Türkiye'nin Kıbrıs'ta Münhasır Ekonomik Bölge, sürecine ilişkin açıklamalarda bulunan Gözügüzelli, "İlk olarak MEB rejimi ile Kıta sahanlığı rejimi farklıdır. Türkiye MEB ilan etmedi diye Akdeniz elinden alındı kimse diyemez. Türkiye'nin komşuları ile MEB ilan etmesi için evvela Türkiye'nin deniz yetki alanları üzerine diğer komşularla ihtilaf arz edecek taleplerin olmaması gerekir. Akdeniz'de böyle bir tablo yok. Suriye konusu malum. Yunanistan-GKRY ile ihtilaf sürüyor. Kıbrıs anlaşmazlığı ortada. İsrail-Filistin(Gaza),İsrail-Lübnan deniz anlaşmazlığı dış ve yan sınırların belirlenmesinde halen gerçekleşmedi. Tüm bunları yok sayan GKRY ben anlaştığım ülkeler ile Akdeniz'i parselliyorum derse, karşısında tabi ki Türkiye'yi bulacaktır. Ayrıca MEB ikili anlaşma ile ilan edilen ve BMGS'ne tevdi edilmesi gereken bir durum iken kıta sahanlığı ab initio ve ipso facto ilkesi gereği doğal haktır, ilan gerektirmez. 200 millik Türkiye'nin kıta sahanlığı Akdeniz'de mevcuttur" dedi.

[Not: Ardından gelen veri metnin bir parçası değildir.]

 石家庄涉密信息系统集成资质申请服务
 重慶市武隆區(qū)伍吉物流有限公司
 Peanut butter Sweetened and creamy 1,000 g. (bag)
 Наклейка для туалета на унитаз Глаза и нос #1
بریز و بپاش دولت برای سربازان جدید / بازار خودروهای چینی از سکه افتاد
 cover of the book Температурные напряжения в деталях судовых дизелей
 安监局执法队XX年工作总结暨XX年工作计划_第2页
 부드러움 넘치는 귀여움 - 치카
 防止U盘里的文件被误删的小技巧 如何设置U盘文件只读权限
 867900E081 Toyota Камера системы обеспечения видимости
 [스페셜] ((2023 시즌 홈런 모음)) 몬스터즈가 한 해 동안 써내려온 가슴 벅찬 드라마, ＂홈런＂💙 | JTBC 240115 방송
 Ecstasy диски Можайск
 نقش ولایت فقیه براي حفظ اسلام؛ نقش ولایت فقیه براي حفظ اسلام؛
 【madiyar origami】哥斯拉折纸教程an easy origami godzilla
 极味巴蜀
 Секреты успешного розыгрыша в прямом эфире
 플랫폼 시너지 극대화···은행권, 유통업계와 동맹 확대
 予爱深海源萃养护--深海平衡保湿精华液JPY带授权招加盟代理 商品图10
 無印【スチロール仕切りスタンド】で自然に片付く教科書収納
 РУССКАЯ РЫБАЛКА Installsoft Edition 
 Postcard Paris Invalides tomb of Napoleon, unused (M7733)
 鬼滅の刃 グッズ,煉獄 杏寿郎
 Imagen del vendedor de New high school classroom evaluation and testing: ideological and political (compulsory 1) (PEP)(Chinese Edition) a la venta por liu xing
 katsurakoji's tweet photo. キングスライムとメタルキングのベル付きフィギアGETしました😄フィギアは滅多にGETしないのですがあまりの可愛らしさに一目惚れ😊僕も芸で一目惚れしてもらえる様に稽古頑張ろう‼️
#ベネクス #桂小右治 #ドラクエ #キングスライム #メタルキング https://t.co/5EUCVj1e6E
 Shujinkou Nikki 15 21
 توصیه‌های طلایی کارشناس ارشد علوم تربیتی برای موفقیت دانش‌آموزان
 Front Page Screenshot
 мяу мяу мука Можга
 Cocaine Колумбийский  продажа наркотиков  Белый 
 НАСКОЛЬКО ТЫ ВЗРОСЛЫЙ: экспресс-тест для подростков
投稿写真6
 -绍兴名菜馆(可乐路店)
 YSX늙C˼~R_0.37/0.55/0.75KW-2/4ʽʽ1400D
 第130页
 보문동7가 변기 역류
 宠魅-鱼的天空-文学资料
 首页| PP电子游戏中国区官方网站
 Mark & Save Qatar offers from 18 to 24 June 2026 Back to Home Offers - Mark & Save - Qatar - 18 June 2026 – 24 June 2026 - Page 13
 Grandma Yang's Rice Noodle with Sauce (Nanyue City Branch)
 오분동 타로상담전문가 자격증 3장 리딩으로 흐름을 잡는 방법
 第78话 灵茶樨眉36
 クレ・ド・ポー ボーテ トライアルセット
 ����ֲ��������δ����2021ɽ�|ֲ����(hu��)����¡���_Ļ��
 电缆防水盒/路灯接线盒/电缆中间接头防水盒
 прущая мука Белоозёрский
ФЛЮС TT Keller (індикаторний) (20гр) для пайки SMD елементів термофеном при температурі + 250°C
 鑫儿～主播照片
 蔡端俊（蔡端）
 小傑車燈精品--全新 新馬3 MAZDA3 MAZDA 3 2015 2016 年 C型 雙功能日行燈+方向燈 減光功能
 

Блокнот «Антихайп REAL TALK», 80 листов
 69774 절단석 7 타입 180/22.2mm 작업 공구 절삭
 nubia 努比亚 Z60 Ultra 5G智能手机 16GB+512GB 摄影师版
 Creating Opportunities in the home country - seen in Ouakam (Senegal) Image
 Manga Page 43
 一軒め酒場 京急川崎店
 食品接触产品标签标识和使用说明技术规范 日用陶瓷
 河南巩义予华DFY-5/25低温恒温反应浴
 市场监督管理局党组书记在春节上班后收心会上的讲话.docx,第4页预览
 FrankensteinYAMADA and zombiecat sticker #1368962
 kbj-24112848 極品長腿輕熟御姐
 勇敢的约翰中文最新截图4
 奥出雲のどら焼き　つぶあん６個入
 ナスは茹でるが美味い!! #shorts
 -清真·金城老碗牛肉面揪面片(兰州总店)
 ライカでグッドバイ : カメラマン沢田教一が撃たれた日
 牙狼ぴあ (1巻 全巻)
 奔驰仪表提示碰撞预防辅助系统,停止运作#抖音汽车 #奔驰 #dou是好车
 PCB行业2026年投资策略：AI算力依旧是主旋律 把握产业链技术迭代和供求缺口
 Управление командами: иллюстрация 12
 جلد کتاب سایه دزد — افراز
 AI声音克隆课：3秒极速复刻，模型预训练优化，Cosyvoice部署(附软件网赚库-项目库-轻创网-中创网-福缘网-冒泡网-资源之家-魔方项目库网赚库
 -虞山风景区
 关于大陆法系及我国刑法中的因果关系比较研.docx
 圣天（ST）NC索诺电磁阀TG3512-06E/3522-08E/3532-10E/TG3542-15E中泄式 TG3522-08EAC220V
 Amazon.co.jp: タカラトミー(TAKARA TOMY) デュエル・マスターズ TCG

FATİH SONDAJ GEMİSİ DEVREDE
"Türkiye'nin KKTC ile MEB ilan etse bile sadece kuzeyde karşılıklı sahillerin olduğu alanların hattını belirlemiş olacaktır" diyen Gözügüzelli, "Sağlayacağı ek yarar balıkçılık alanında olacaktır. Türkiye kendi kıta sahanlığı alanında zaten hidrokarbon faaliyetlerinde bulunmakta ve yakında FATİH sondaj gemisi devreye konacak. Buna ilaveten F ve G sahalarımıza inileceğine inanıyorum. Burada dikkat çekilmesi gereken tehlike şudur ki: GKRY-Yunanistan-Mısır bir ay önce İskenderiye/Mısır'da yaptıkları resmi toplantıda üçlü sözde MEB alanı çizecekleri kararı aldıklarını açıkladılar. Aslında bunu 2005'ten beri planlıyorlar. Bu tabi ki Türkiye tarafında kabul görülmeyecek ve itirazları yapılacaktır. Bu süreçte gerilimi artırıcı provokatör adımlar atılmaya Türkiye karşısında devam edilirse, Türk-Yunan anlaşmazlığında Mısır'ın da ilk etapta dahil olacağı bir sıcak gerilim deniz alanlarında olacağı kanısındayım" ifadelerini kullandı.